Then the post arrives and there’s a card addressed to “mr & mrs Cameron” – it’s unusual – most of our post is addressed to “parents & carers of …” . You open the envelope & see a little card with the words “thankyou”. There is a little verse inside saying your journey has been an encouragement to them & you’ve helped them. The card isn’t signed.

Your Saturday morning mood changes; you don’t want to run away anymore and have a “normal” life, your “different kind of normal” has made a difference to someone else and that makes it all worthwhile. So to whoever sent us that anonymous little card: Thank you, I needed that today to remind me that my “different kind of normal” is my reason for being on this planet!


Two boys, a scooter and a wizzy.

Having two boys with very different needs can make playing together a tricky task; Zac’s sma means he needs help to physically move around and Caleb finds social interaction challenging. However, I watched my two boys play together yesterday – both of them playing around each other’s different needs thanks to a scooter and a wizzybug.
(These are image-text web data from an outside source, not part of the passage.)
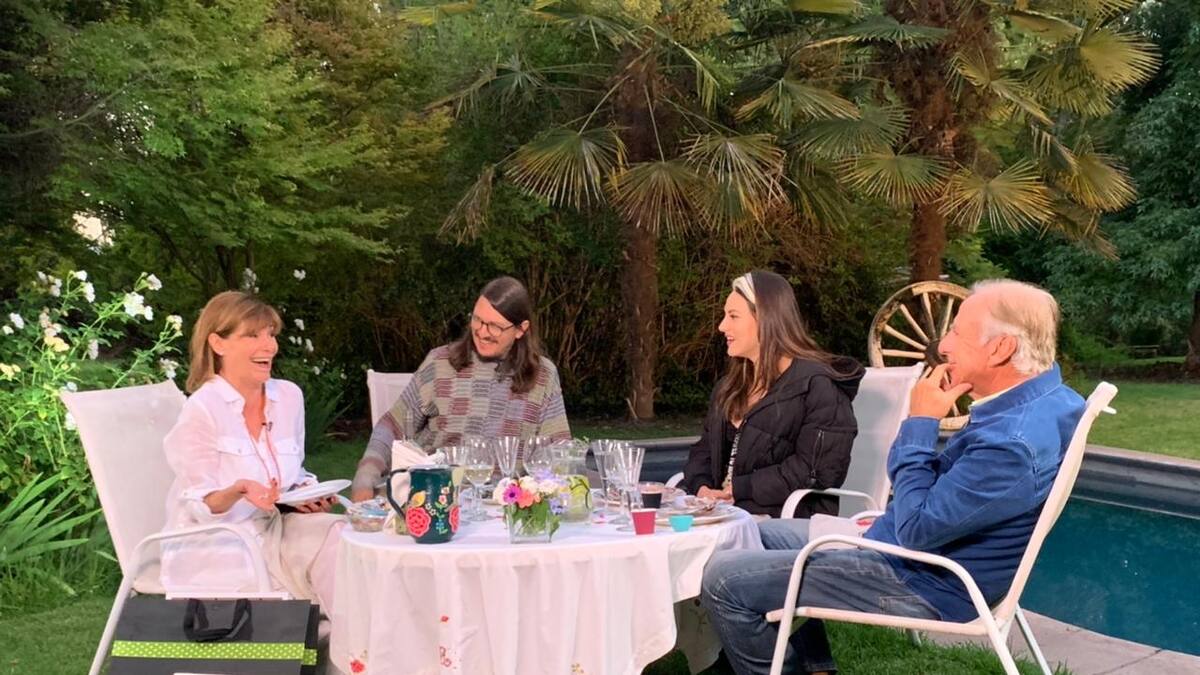 Fernando Paulsen contará en "La Divina Comida" el miedo que sintió por una portada que hizo sobre el Caso Degollados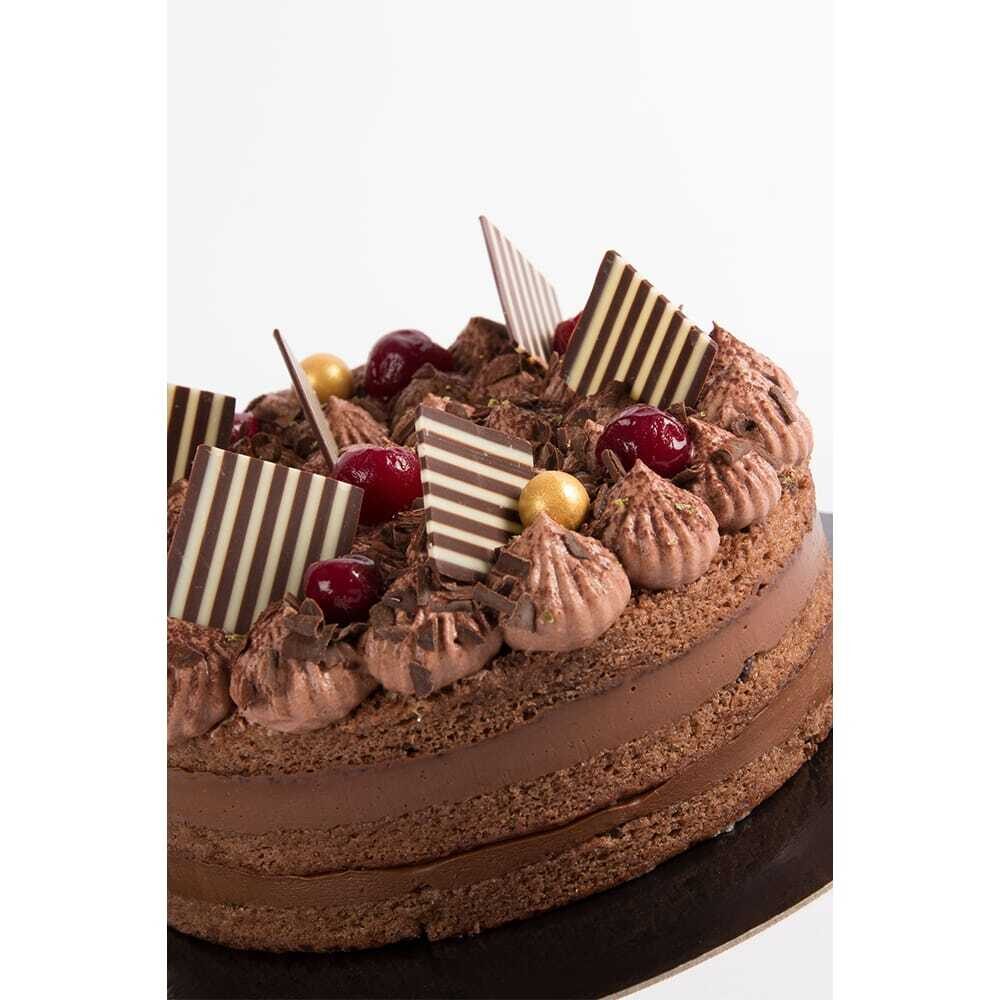 X500ST CHOCOLATE DECOR DOMINO SQUARE DOBLA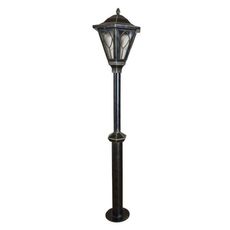 Светильник для уличного освещения с арматурой чёрного цвета Русские Фонари 220-41/bgr-14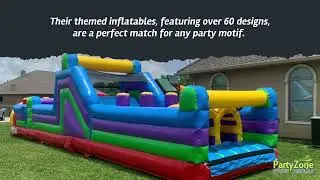 Party Equipment Rental Service in St. Rose LA - PartyZone Event Rentals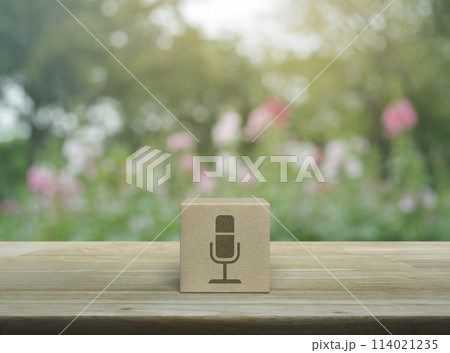 Business communication concept 114021235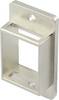 Renkforce RJ45-moduledrager 1 stuk(s)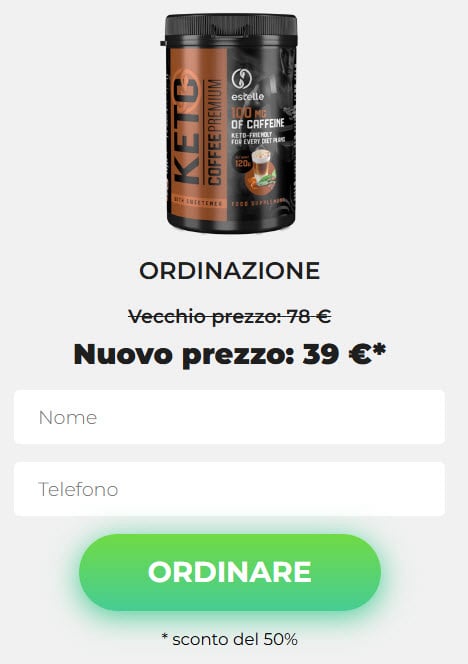 keto coffee premium opiniones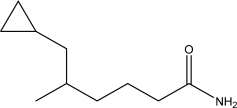 What is the IUPAC name for the following molecule?  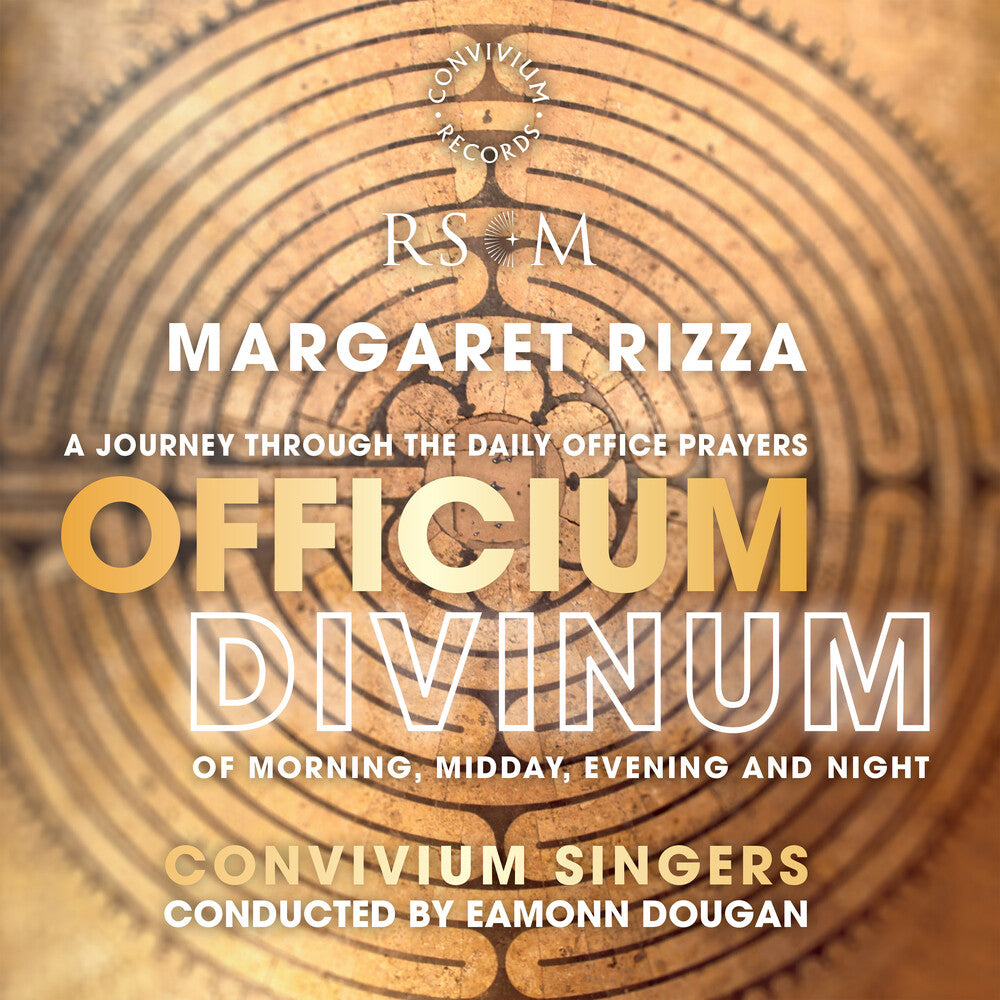 Rizza / Convivium Singers / Dougan - Officium Divinum Music CD
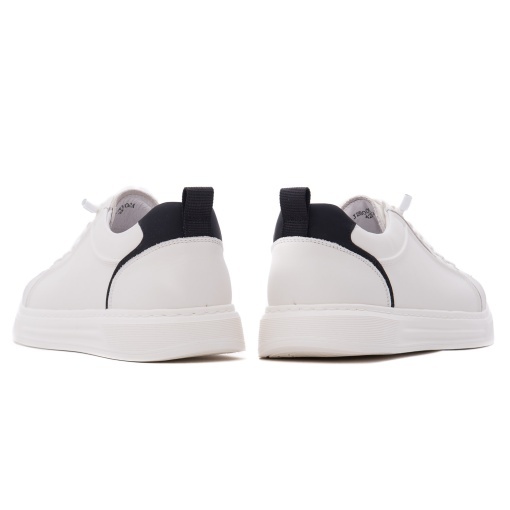 Pantofi barbati din piele naturala, Otter J2J280002A 47-N, alb - Img 6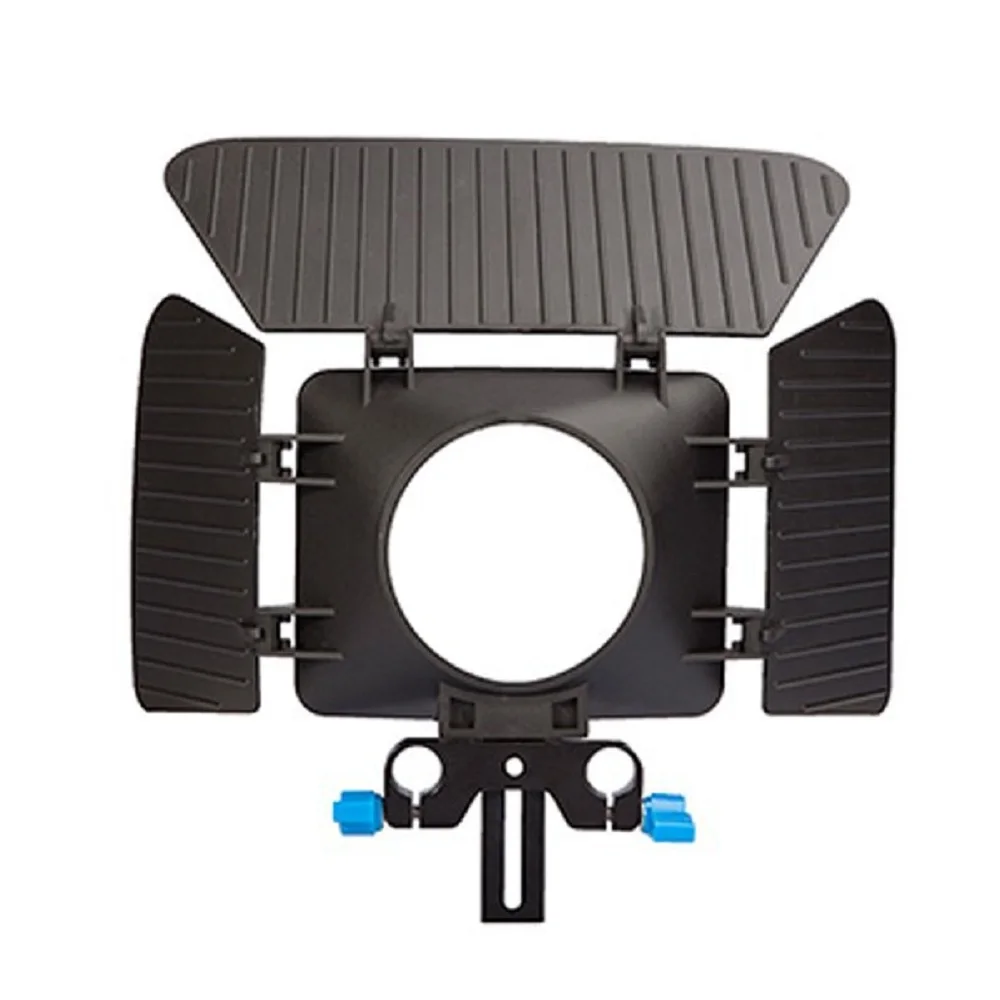 Ручной комплект DSLR Rig 3 в 1 клетка для камеры + Follow Focus Матовая коробка Canon 5D2 5D3 6D 7D 60D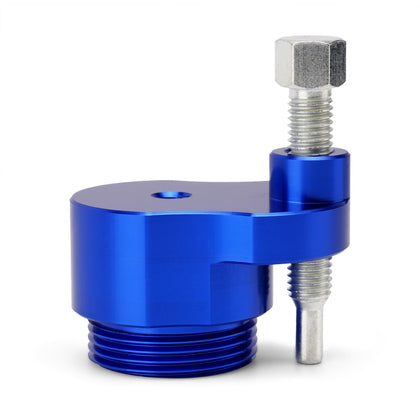 Camotokiit front view of belt removing tool showing design and fit benefits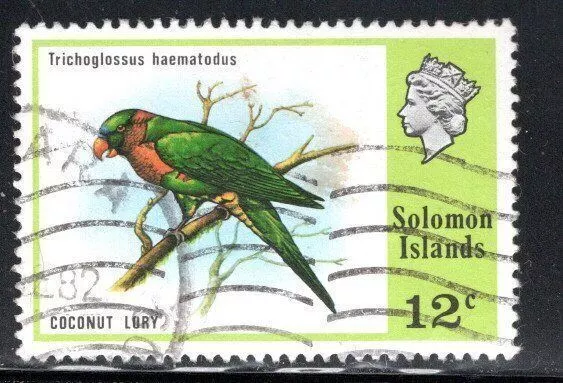 Solomon Islands Stamp Used Lot 1373K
“Wizzybug” is Zac’s little electric wheelchair which is provided by a charity called Designability. This amazing charity run a loan scheme where wizzy is loaned free of charge until a child reaches the age where a bigger power chair is needed. Zac was lucky enough to receive a wizzybug last year and he has gradually built up the strength and skill to drive himself. Wizzy has given Zac a little bit of independence and the ability to make choices for himself but I think most importantly wizzy has given Zac the chance to play.

Yesterday we went to the park and we took wizzy with us. Caleb raced around on his scooter and waited for Zac & wizzy to catch up, they “ran” together to the play park and thanks to wizzy Zac was able to access some of the activities by himself. I think for the first time ever I heard Zac say “mum I’m going over here” and off he whizzed to a game. I was waving as he drove away – it was such a novelty to be able to see him make his own choice about where he wanted to go! I then watched my boys chase each other on the grass – a wizzy chasing a scooter – they were laughing and were full of nonsense. Zac was able to drive through the crunchy autumn leaves as Caleb led them to a hideout in the woods and my two boys were pretending to be gruffalo’s in the forest! Wizzy has also given Zac the chance to get up to mischief and like any “normal” 3 year old, he decided to “run” away. He had freedom to be naughty. The lovely thing about this is that it also gives Caleb the chance to be big brother. Caleb was scooting along the path, giggling at Zac “running” away as he tried to persuade him to drive back round; a big brother trying to get his wee brother out of trouble!!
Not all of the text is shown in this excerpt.